The CHD will also improve access to and utilization of a wide range of information essential to monitor and protect the public's health through electronic data interchange and decision-support technologies. As the mission of public health in the United States evolves to include greater emphasis on monitoring the quality of health care services, the CHD will facilitate access to and integration of all information needed to improve the population's health. An integral component of the CHD will be mechanisms to protect the confidentiality of individuals' personal data and to improve the security of public health data.
What are the Community Health Functions of the NHII?
The functions include the capture, storage, communication, processing and presentation of community health information.
The CHD will capture information from conventional sources of public health data, such as vital events, communicable disease surveillance systems, and childhood lead screening and immunization programs. The CHD will also encompass information from less conventional public health sources, for example, the National Spatial Data Infrastructure. Health care providers will send patient encounter information from which all personally identifiable information has been removed for public health monitoring of population health status and health care services. Providers will send personally identifiable information only under strict protocols, for example to track highly contagious diseases or to fulfill other legally-mandated public health responsibilities.
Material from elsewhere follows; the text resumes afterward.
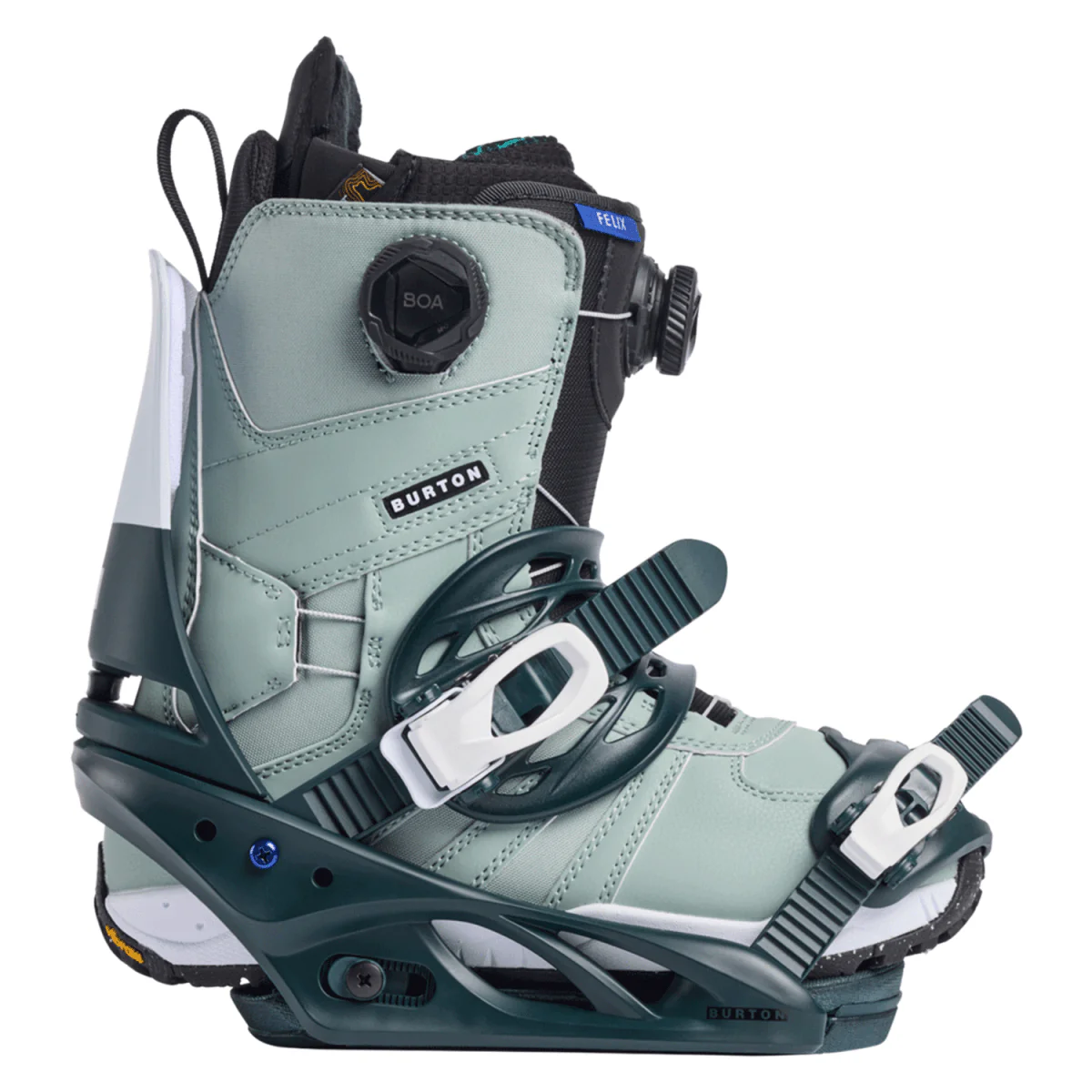 Burton Women's Lexa Snowboard Bindings 2025 Deep Emerald/White - Image 6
There will not be a single database of public health information. Diverse and separate federal, state, and local information systems will be maintained, with greater integration vertically and horizontally.
The CHD will provide federal, state and local public health professionals with information about trends in health risks, diseases, and other factors affecting community health. Clinicians and the public will be alerted to communicable disease threats and environmental hazards, and they can receive reminders about immunizations, flu shots, preventive health services and other broad-based health care opportunities. Aggregated community health profiles will be available to the public and to community groups. These community health profiles will not contain any individually identifiable data.
CHD data standards will allow the electronic integration of conventional sources of public health data, such as those legally mandated for collection by local and state health departments, along with non-identifiable information from patient encounters. The CHD will include decision-support tools that integrate data analysis and public health practice guidelines.
The CHD will enable public health workers to access data, analyses, directories, and other information resources and tools from the field as well as in public health clinics and offices. The CHD will also provide useful information in usable and accessible formats to individuals, community institutions such as libraries, and community groups for identifying public health problems and planning public health interventions. The information and its presentation will be tailored to users' specific needs.
What Will the Community Health Dimension Contain?
In the broadest terms, the community itself will be the focus of information within the CHD. The content will focus on the health and health care of community members, community attributes affecting health, community health resources, and broad measures of community health status. These categories of information support a focus on overall community health needs, rather than individuals and disease events.